Greater prevalence and recruitment of excitatory neurons in ictal initiation zones. (A) A sample fish image with E and I cells differentially labelled and its associated lag map and initiation zone for a single ictal event analysed in this figure. (B) E:I index in initiation and propagation zones (i) and within-seizure E:I comparisons (ii). (C) Single cell locations in a seizure, split by initiation versus propagation zone location (i) and cell counts from initiation and propagation zones (ii). (D) E:I index of cells recruited to seizures in initiation and propagation zones (i) and within-seizure E:I index comparisons (ii). (E) Left: Sample excitatory and inhibitory cells from initiation zones; right: their associated calcium traces during this event.

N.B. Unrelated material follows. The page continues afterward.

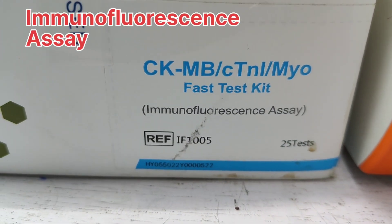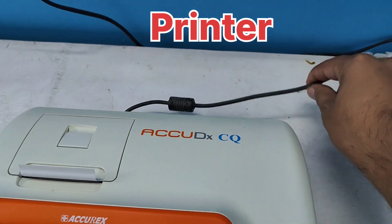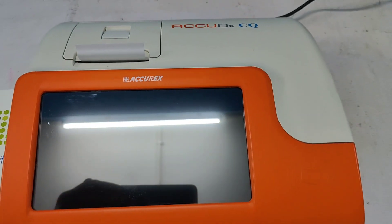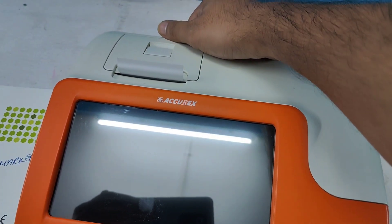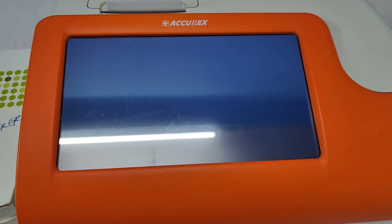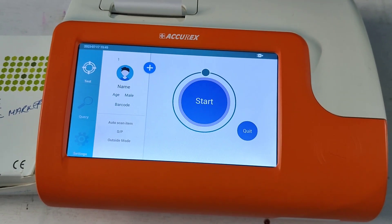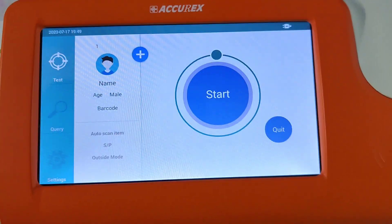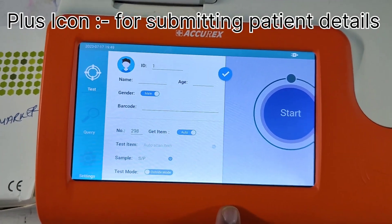You can see here the immunofluorescence assay. This is the display of the machine, and it is the printer connected electronically. On the backside there is a switch — I am going to turn on the machine. After turning on the machine, here is the preface. By pressing the plus button you can set the details of the patient.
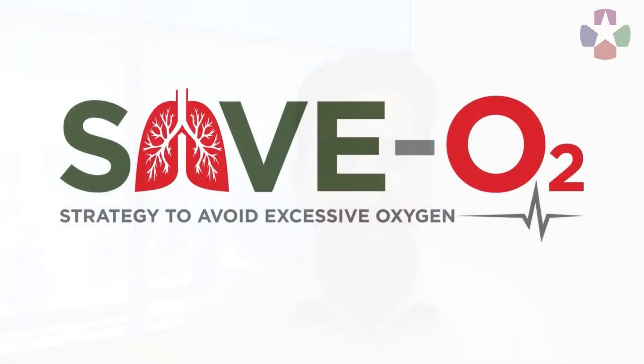My name is Adit Ginday. I'm an emergency medicine physician from the University of Colorado, and we'll be talking about the SAVO-2 trials — the strategy to avoid excessive oxygen in critically ill trauma and burn patients. We are working on understanding the best amount of supplemental oxygen to give critically injured individuals, whether military or civilian.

Detected onset times are plotted on traces. (F) Left: Average number of cells at onset across all ictal events grouped by initiation or propagation zone membership; right: the ratio of cells at onset (E:I) over time, normalized to by the number of inhibitory cells at onset. (G) E:I ratio index calculated in initiation (orange) and propagation (blue) zones. All error bars are mean ± SEM.

Figure 5

Dimensionality of the excitatory and inhibitory cell population activities. (A) Left: Eigenspectrum of the excitatory population activity over 10 s-wide rolling window, normalized to the greatest eigenvalue per time point. Vertical line at time 0 is the ictal onset point. Right: Same analysis done for inhibitory cell population. (B) Average trends of the dimensionality. Vertical line at time 0 is the average ictal onset point. Dimensionality over 10-s moving window [magenta: excitatory cell pairs (e-e); green: inhibitory cell pairs (i-i)]. (C) Left: Dimensionalities of i-i pairs and e-e pairs shown separately for pre-PTZ, −12∼−2 s and −2∼8 s periods relative to the average ictal onset point. Right: Differences in I-E dimensionalities at −2∼8 s.

Figure 6

Excitatory and inhibitory cell network correlations. (A) Visualization of activity correlations at the cross-section of the whole brain. Only pairs with correlation values higher than 0.999 are shown. Top: Average normalized fluorescence trace. Middle: Correlations during interictal period. Magenta: Highly correlated excitatory cell pairs (e-e); green: inhibitory cell pairs (i-i). Bottom: Correlations during ictal period. Scale bar = 20 s. (B) Average trends of interictal to ictal transition for the initiation and propagation zones. Top: Correlation metric calculated over 1.5 s-wide rolling window (magenta: e-e; green: i-i). Bottom: Difference of e-e and i-i correlations. (C) Correlation metric values of i-i pairs and e-e pairs shown separately for −6∼−2 s and −2∼2 s periods relative to the average ictal onset point. (D) Within-seizure correlations of e-e cell pairs (top) and i-i cell pairs (bottom) between initiation and propagation zones.